I am trying to have my Excel VBA code read an interactive PDF (i.e. a PDF with dropdowns, calendars...etc.). I normally read PDF files by opening them in Word; however, Word removes all the interactive controls while rendering the file (e.g. a calendar control gets completely removed...along with its value).

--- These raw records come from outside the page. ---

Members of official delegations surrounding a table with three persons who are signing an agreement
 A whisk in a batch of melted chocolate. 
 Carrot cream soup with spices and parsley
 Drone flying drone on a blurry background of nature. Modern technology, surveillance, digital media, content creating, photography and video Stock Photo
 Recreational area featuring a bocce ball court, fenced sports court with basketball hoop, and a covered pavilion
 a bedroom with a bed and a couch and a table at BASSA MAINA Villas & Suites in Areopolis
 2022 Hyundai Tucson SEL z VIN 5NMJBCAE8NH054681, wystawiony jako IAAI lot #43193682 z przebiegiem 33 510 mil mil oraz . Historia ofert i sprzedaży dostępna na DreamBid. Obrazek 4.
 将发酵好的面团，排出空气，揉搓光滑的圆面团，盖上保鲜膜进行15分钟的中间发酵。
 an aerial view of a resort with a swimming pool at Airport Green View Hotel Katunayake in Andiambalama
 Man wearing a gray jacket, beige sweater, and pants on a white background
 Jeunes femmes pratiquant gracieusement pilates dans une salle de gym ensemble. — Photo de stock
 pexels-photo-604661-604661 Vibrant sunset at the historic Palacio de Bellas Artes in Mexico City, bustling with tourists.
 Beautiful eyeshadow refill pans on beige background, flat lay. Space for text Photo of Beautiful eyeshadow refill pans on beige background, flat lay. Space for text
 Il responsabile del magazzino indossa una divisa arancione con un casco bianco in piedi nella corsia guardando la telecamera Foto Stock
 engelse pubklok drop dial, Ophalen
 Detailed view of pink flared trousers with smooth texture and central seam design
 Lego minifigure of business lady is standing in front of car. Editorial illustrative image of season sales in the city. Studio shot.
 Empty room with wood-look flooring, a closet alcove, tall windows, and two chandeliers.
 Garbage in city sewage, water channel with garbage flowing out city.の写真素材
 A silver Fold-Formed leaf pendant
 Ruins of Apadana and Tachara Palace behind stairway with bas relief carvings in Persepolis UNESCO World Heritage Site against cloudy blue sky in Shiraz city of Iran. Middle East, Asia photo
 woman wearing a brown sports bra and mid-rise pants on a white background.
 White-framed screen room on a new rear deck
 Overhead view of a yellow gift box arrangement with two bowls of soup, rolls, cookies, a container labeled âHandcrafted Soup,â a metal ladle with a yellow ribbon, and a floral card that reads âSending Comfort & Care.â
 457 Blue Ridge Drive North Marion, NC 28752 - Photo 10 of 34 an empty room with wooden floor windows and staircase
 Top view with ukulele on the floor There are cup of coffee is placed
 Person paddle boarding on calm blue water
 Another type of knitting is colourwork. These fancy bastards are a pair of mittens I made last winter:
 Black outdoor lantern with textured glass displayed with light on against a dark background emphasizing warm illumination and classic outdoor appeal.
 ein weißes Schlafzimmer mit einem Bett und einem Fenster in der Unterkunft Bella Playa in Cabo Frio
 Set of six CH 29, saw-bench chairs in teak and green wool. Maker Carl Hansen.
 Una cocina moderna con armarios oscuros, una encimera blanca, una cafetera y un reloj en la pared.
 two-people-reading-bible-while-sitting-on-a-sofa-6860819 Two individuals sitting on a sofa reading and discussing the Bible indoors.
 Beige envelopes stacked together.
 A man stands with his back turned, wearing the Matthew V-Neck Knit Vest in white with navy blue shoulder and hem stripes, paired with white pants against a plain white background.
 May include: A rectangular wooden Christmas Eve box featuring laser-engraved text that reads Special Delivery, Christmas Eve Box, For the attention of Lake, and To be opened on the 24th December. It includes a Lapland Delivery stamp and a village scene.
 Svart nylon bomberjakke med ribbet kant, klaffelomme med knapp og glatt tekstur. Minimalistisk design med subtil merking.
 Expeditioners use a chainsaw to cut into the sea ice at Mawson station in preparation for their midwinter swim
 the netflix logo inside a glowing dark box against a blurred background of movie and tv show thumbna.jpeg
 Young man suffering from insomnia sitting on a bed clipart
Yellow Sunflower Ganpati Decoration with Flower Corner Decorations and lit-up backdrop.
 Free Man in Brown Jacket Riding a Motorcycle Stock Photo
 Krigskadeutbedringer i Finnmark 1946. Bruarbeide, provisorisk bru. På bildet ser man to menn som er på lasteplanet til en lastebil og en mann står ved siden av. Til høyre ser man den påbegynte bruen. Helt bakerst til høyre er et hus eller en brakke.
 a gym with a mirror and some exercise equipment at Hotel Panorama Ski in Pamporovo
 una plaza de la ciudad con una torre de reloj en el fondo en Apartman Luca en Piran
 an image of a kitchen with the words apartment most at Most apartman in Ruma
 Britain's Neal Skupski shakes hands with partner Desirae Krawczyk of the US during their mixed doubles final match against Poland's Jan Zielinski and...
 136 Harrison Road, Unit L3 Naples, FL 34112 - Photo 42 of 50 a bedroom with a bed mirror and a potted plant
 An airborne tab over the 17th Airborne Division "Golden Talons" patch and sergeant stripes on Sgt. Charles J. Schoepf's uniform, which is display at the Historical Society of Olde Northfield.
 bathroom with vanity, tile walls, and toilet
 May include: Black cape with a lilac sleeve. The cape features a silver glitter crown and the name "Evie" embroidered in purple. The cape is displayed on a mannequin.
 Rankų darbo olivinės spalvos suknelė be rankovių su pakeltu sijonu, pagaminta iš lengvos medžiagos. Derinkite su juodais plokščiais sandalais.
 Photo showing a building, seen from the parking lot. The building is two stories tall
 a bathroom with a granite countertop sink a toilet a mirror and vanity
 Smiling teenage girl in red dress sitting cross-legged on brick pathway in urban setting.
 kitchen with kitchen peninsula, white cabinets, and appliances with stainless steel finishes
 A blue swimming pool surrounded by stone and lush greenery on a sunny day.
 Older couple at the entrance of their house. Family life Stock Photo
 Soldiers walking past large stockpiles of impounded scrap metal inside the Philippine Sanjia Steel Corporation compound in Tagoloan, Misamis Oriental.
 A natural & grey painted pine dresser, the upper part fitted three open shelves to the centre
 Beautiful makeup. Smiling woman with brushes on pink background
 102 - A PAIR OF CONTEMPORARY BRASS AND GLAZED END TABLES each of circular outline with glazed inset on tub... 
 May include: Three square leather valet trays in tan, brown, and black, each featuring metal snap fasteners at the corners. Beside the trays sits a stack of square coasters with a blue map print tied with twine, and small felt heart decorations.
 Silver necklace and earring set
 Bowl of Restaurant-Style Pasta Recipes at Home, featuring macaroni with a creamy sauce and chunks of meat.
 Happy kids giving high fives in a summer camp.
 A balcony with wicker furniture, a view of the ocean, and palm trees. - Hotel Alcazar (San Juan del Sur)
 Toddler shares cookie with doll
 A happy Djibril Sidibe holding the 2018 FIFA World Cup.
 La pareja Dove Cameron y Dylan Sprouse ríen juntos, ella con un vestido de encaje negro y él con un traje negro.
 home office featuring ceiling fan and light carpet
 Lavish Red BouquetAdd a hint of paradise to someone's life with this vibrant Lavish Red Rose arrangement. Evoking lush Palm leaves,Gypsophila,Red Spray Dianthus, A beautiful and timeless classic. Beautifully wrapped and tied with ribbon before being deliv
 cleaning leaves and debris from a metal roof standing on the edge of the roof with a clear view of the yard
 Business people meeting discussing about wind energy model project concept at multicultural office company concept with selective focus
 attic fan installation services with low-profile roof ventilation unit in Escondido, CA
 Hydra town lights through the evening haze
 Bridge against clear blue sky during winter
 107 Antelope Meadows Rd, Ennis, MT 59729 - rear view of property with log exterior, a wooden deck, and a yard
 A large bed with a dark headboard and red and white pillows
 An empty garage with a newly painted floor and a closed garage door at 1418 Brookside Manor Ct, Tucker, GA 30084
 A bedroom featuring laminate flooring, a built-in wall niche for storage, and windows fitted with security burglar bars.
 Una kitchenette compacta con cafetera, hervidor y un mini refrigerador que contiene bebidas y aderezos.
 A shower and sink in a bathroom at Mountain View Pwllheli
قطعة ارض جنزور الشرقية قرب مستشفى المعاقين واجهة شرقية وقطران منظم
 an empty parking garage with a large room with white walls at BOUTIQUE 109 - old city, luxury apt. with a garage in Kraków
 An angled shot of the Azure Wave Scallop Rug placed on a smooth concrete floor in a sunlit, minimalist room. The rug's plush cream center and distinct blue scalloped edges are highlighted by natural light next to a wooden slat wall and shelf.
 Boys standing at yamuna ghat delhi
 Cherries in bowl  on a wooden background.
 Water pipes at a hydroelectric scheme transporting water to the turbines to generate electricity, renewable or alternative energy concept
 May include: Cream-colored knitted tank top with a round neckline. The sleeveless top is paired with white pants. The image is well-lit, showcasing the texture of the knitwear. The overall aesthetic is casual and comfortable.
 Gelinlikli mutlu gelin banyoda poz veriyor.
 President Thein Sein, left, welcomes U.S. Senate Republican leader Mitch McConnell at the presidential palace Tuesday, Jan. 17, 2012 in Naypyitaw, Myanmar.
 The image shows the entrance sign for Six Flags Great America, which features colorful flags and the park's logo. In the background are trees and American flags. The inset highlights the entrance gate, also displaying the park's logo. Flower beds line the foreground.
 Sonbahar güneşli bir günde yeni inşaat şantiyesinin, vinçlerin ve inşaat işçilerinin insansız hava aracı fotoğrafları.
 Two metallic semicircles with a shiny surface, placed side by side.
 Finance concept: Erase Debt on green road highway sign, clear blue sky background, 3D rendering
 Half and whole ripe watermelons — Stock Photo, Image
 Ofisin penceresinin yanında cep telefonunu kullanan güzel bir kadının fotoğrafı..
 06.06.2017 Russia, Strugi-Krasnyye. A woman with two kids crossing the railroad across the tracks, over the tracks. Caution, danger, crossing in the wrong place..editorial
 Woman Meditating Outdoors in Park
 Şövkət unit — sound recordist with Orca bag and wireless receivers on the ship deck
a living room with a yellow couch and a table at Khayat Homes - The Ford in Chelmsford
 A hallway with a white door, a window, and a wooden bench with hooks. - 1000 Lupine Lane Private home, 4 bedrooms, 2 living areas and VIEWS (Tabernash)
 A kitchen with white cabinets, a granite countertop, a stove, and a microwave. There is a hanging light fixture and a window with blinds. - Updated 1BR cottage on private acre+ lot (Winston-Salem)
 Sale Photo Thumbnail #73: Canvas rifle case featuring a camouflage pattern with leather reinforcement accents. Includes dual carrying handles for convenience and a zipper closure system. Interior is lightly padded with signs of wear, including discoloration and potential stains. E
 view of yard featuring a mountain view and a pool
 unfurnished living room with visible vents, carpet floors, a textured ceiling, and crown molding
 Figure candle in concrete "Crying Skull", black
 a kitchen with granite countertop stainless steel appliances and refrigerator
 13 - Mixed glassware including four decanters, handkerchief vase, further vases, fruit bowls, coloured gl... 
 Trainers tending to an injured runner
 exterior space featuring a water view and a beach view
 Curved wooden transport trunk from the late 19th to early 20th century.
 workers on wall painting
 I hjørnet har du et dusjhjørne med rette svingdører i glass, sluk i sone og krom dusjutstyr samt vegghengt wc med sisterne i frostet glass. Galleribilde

I know that I can "flatten" the PDF by opening it in Adobe Acrobat Reader (or any browser) and printing it to a PDF (thus replacing all the controls with their selected values). The question is how do I do this programmatically in VBA. I know there are thousands of questions on S.O. about this topic; but, all of the answers either require installing Adobe Acrobat Pro, using a third-party installed application (e.g. CutePDF), submitting the file to an online API, or most commonly, using SendKeys or Win32 API calls to interact with the "Save As" dialog box that appears. The code I am writing will be distributed to multiple users; so, any additional application installations is out of the question (both Acrobat Pro and other third-party conversion tools). The files contain proprietary data; so, an online API is out as well. As far as SendKeys or SendMessage is concerned...frankly, there's got to be a better way.
I've tried numerous methods including Chrome's headless "print-to-pdf"; but it appears that only accepts HTML files (I even tried embedding the PDF into an HTML file but it still did not work). The closest I've gotten is by using the below code to send data directly to the "Microsoft Print to PDF" driver (it's based on the process described here). The code successfully creates a PDF file...but it's a zero byte file. It seems that the data read from the input file is not being properly accepted by the "WritePrinter" function (although no error occurs). Although the documentation of the "WritePrinter" function states that the "pBuf" parameter should be a byte array, the person who asked this question was passing a string and getting it to work (understanding that they were not trying to print to a GDI printer). My code still just produces a blank PDF file if I convert the byte array to a string or even just read the contents of the input file using FSO's "ReadAll" method. It is also worth nothing that the return value of the "WritePrinter" function is "1" and the value of the "pcWritten" output is the correct number of bytes...it's just that the PDF file that is produced has a file size of 0 bytes.
So, can anyone figure out how to get the "WritePrinter" function to accept the data being read from the input file?
By the way, an enormous gold star to anyone who can figure this out because, based on my research, the internet is begging for a way to do this without using Acrobat Pro or having to interact with the "Save As" dialog!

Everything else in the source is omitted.